Thanks to some steady evangelizing, some scholarship, technological advances that help realize–or keep running–his work, Lye has become something of a posthumous hero in New Zealand. There was a retrospective in Melbourne and New Plymouth NZ last year that included refabrications of several sculptures.
But Lye’s most frictionless path to history and fame is probably not his sculptures, but his films. He was probably the earliest practitioner of direct animation, drawing and scratching carefully synchronized abstractions and imagery onto celluloid as early as 1935, when Stan Brakhage was two years old.
Lye made A Colour Box as a pre-feature advertisement for the British General Postal Office. Other of his early animations were commercials, too. I’m so glad he did them, because they are awesome, but seriously, they seem like some of the most ineffective ads imaginable.

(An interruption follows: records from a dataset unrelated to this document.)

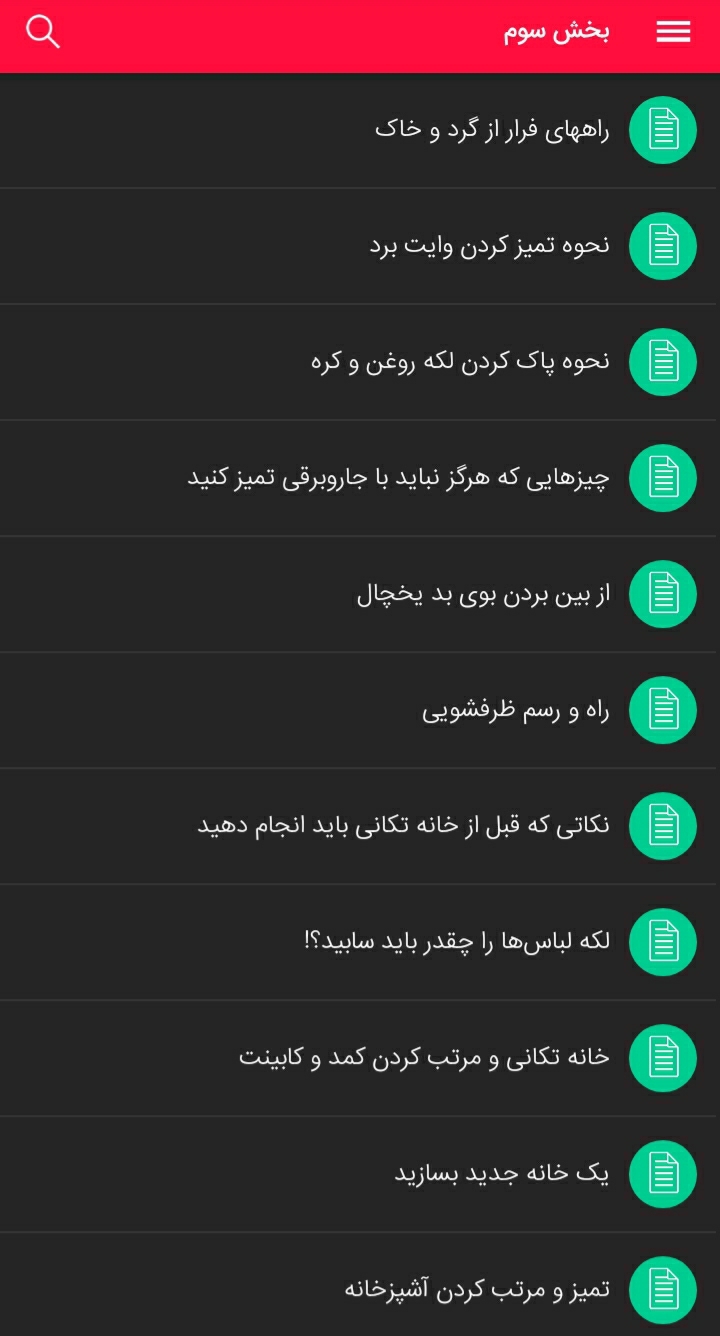 اسکرین شات 7 برنامه خانه داری و نظافت مدرن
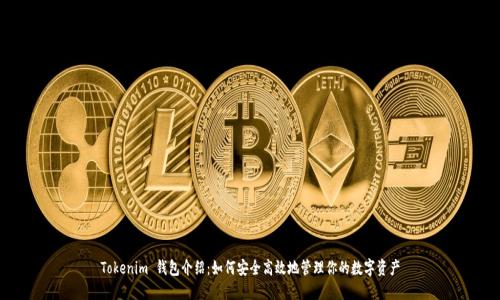 Tokenim 钱包介绍:如何安全高效地管理你的数字资产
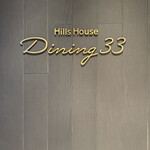 Hills House Dining 33 Pâtisserie à la Maison - 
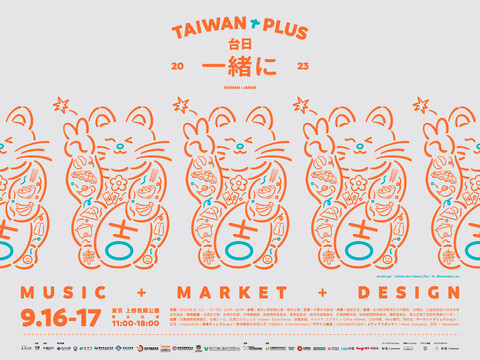 Japan's largest Taiwanese cultural festival 'TAIWAN PLUS' returns to Ueno Park on Sept 16 and 17 (Graphic: Business Wire)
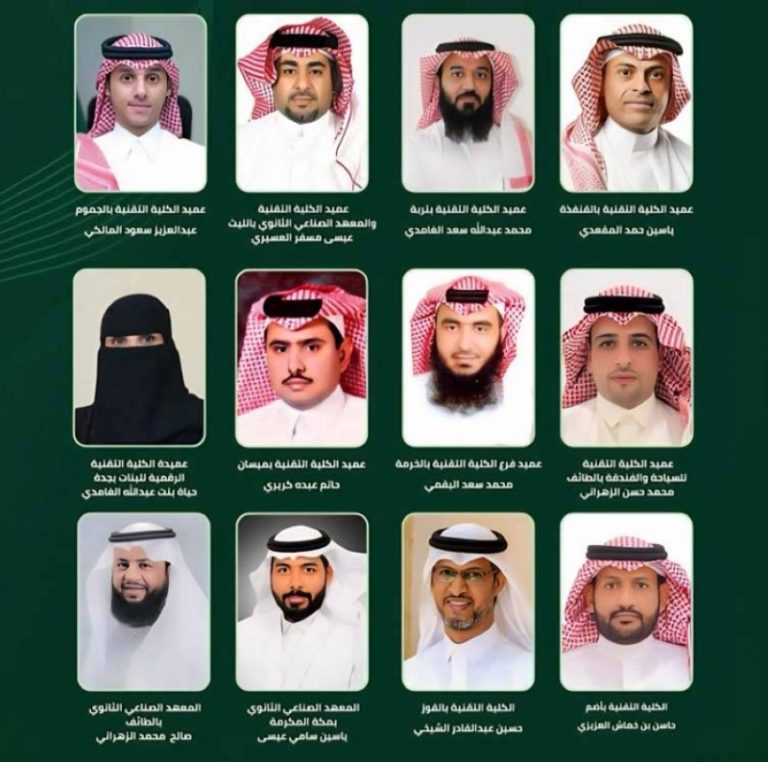 تمديد 12 عميداً بالتدريب التقني والمهني في مكة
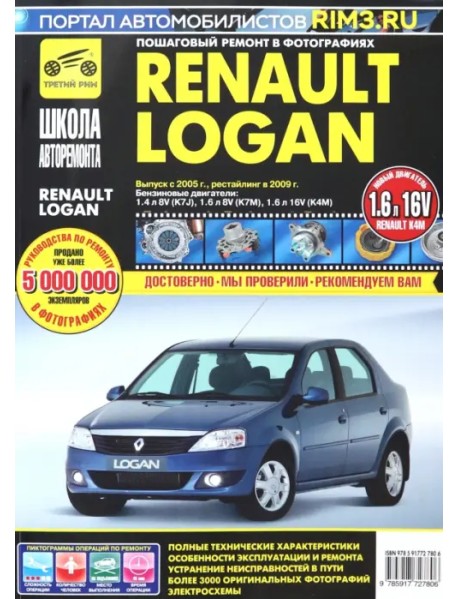 Renault Logan: Руководство по эксплуатации, техническому обслуживанию и ремонту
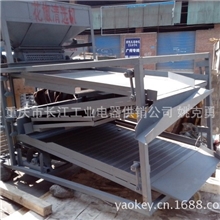 供重庆，四川，云南，昭通，成都，甘肃，花椒筛选机，花椒烘干机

But as art and filmmaking, holy smokes. Just try, as you are mesmerized by all the separations and compositing and abstraction and color in Rainbow Dance, to remember that Lye made this in 1936:
He also made commercials using stop-action animation and puppetry, such as the rather incredible 1935 short for Shell, The Birth of the Robot, whose tiny kinetic figures and machines look like the missing link between Alexander Calder’s Circus and Ray and Charles Eames’s Solar Do-Nothing Machine:
It didn’t occur to me until just now, watching Trade Tattoo, a 1938 GPO short in which Lye incorporates both direct animation and coloring and found footage, but the saturated, post-production colors and the collage of abstraction and photo/film realism suddenly reminds me of Gilbert & George’s distinctive visual style.
I don’t know what WWII did to the GPO Film Unit’s output, but both Gilbert and George were born during the war, in the early 40s, and only George grew up in the UK. [Gilbert was born in Italy and moved to London to study.] Perhaps there was a Lye/GPO legacy lingering around St. Martins in the 60s. Or maybe it was all lava lamps and LSD. Who knows?
All of these YouTube clips, by the way, are from user BartConway, who turns out to be an OG filmsnob of the highest order, and thank heaven for it. He seems to be getting them from the BFI’s extraordinary-looking PAL DVD collection of works by the GPO Film Unit.